::: Dataset excerpts :::
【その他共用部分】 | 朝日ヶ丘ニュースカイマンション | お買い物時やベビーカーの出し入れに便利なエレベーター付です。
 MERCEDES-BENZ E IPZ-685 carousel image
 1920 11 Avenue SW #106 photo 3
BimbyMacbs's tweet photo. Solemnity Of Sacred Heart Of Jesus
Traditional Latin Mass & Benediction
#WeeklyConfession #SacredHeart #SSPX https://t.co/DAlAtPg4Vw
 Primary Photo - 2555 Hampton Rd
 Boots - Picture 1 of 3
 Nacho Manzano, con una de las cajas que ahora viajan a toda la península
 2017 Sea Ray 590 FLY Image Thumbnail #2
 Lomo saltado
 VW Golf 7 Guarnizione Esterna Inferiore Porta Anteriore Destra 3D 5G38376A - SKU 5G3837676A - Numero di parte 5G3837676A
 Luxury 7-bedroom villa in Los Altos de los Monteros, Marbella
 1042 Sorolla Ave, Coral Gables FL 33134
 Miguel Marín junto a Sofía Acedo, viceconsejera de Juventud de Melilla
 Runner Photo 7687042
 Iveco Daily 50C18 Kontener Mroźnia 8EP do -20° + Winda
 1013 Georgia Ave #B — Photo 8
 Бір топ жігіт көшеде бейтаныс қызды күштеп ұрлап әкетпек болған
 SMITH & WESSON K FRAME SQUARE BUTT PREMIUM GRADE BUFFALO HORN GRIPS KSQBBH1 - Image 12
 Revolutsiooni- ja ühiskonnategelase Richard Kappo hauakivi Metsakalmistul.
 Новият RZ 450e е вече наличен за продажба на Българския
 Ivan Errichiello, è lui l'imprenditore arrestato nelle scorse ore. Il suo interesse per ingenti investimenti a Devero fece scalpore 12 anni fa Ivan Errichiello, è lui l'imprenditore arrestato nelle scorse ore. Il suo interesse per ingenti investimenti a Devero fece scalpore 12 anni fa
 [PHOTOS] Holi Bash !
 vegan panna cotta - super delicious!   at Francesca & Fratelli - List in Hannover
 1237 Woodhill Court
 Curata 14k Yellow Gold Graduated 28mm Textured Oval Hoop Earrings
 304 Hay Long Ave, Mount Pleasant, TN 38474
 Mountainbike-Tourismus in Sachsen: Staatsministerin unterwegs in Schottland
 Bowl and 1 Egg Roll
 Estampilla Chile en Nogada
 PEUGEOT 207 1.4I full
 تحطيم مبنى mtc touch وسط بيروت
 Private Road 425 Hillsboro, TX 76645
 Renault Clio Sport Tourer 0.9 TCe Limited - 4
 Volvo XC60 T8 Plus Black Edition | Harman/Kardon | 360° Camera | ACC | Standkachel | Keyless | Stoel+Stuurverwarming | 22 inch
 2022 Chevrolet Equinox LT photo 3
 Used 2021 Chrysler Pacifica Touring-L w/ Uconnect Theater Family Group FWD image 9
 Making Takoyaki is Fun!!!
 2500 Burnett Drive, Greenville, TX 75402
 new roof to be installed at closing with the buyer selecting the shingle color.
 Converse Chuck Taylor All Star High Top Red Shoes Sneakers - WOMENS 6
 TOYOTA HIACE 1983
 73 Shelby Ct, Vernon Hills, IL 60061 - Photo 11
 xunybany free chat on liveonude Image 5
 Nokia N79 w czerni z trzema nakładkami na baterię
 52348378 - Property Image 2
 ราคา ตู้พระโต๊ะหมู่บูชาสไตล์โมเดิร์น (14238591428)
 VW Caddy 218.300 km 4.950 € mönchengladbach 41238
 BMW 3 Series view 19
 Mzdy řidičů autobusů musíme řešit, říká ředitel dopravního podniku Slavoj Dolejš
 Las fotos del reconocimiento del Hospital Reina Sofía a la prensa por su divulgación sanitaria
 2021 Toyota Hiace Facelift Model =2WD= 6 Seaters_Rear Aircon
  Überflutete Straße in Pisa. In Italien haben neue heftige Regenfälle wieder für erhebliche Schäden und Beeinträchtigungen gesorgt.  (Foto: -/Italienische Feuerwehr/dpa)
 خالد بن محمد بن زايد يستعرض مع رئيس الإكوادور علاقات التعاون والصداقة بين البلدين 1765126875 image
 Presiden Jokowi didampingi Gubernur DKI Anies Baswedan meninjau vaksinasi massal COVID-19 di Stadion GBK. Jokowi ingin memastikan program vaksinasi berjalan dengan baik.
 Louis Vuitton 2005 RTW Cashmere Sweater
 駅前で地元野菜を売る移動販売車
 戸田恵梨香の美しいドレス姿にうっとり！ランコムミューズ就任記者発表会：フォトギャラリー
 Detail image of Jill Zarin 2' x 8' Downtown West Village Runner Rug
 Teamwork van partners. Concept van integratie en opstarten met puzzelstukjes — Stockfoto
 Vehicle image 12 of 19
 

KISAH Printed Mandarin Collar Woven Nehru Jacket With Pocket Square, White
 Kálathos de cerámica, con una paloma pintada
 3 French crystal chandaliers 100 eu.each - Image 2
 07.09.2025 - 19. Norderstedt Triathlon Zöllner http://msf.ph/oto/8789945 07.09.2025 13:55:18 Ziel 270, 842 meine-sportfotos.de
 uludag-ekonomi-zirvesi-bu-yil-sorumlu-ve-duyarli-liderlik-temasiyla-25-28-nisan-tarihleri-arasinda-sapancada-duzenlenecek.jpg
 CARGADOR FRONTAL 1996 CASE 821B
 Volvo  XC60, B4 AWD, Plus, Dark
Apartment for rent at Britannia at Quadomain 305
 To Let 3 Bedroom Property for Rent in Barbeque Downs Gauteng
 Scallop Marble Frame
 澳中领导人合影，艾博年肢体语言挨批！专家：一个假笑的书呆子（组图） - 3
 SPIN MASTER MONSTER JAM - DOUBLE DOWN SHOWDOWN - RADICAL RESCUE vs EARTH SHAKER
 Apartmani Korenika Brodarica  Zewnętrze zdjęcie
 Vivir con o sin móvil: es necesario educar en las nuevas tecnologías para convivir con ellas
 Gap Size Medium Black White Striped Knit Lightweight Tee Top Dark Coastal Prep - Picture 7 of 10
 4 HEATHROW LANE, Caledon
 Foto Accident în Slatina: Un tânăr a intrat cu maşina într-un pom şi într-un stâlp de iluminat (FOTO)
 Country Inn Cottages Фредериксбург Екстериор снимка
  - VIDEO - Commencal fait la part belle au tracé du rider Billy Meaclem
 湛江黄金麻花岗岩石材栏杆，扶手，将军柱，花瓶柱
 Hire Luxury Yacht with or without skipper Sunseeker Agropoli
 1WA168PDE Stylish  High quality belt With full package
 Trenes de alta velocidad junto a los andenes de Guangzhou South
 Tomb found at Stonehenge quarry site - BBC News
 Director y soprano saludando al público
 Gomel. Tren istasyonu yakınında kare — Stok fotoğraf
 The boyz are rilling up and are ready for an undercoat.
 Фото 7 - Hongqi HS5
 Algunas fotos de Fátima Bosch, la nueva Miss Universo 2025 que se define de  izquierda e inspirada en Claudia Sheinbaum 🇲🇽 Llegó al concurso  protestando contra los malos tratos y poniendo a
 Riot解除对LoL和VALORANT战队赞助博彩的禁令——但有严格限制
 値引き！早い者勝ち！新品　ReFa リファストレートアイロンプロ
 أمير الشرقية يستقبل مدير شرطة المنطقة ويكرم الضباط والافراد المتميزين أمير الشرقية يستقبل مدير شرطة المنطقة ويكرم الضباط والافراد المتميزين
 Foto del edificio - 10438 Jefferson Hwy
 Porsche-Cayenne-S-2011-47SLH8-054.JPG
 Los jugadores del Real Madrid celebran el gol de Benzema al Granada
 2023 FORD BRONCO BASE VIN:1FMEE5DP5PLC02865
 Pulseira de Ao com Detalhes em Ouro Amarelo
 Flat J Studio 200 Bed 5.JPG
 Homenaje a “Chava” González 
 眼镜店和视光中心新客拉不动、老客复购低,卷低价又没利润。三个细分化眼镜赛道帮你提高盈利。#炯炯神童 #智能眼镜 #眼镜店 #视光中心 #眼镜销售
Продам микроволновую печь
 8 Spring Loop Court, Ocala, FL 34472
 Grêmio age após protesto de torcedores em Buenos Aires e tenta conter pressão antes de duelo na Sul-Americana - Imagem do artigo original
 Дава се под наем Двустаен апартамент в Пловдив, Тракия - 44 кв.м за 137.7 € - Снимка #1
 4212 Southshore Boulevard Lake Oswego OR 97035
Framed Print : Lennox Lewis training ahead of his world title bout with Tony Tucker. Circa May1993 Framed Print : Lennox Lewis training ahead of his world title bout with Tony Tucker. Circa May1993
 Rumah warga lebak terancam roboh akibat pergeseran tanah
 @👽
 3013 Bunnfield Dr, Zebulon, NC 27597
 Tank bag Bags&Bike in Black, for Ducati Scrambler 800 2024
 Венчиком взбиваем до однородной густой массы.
:::
● Exercise goal
List the lines of the records where "Volvo" occurs.

● Answer space
 Volvo XC60 T8 Plus Black Edition | Harman/Kardon | 360° Camera | ACC | Standkachel | Keyless | Stoel+Stuurverwarming | 22 inch
 Volvo  XC60, B4 AWD, Plus, Dark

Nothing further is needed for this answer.